Ce qui se passe sur le plan humain se reproduit au plan de la vie de foi. Choisir Dieu nous fait souhaiter « demeurer » chez Lui, de faire « vie commune » par avec n’importe qui. Avec Dieu. Ouh! « Ma demeure est la maison de Yahvé, en longueur des jours (Ps22, 6) ». «Sans moi », sans cette demeurance en moi « vous ne pouvez rien faire ». « Demeurez en moi comme moi en vous ». Recevoir l’Eucharistie, c’est entré en communion profonde avec Jésus. C’est le secret de toute fécondité apostolique parce que c’est d’abord le principe de toute fécondité contemplative. « Demeurer », c’est le chemin pour poursuivre le travail de l’incarnation. « Sans moi, vous ne pouvez rien faire ».
Quand Jésus nous demande de « faire eucharistie », il ne nous demande pas de seulement nous transformer en Lui mais de faire de nous des « évangélisateurs » selon son cœur, capable de poursuivre le travail de l’incarnation.
Nous demeurons en Dieu. Nous demeurons aussi dans notre monde. « Père je ne te demande pas de les retirer du monde, mais de les garder du mal » « Vous êtes dans le monde mais pas du monde ».
Pour nous faire comprendre toute la beauté de l’eucharistie comme mystère d’une demeure en Lui, Jésus utilise l’exemple du sarment et du cep « Demeurez en Moi comme Moi en vous. De même que le sarment ne peut porter de lui-même du fruit sans demeurer sur le cep. Ainsi vous non plus, si vous ne demeurez en Moi…(Jn15). » Entre le cep et la vigne, il y a une même sève qui parcoure le tronc, les branches et les fruits. Si nous sommes « branchés » sur lui, nous portons du fruit. Nous faisons fructifier la vie. Benoît XV1 parle de l’eucharistie comme l’heure des « noces de Dieu », de l’union intime entre Dieu et nous. (Homélie de Benoît XVI à Altötting: « Viens, Seigneur Jésus )

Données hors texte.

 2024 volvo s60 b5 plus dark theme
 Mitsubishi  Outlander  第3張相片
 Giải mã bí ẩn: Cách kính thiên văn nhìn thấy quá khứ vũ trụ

Dans une très belle homélie au sanctuaire d'Altötting, le pape Benoît XVI médite le signe de la transformation de l'eau en vin à Cana et le met en lien direct avec l'Eucharistie, il nous confie que Jésus accomplit là un signe, avec lequel il annonce son heure, l'heure des noces, l'heure de l'union entre Dieu et l'homme. Il ne "produit" pas simplement du vin, mais il transforme les noces humaines en une image des noces divines, auxquelles le Père invite à travers le Fils et dans lesquelles Il donne la plénitude du bien, représentée dans l'abondance du vin. Les noces deviennent l'image de ce moment, où Jésus pousse l'amour jusqu'à l'extrême, laisse déchirer son corps et se donne ainsi à nous pour toujours, devient une seule chose avec nous - noces entre Dieu et l'homme. L'heure de la Croix, l'heure à laquelle naît le Sacrement dans lequel il se donne réellement à nous en chair et en sang, où il place son Corps entre nos mains et dans notre coeur, telle est l'heure des noces.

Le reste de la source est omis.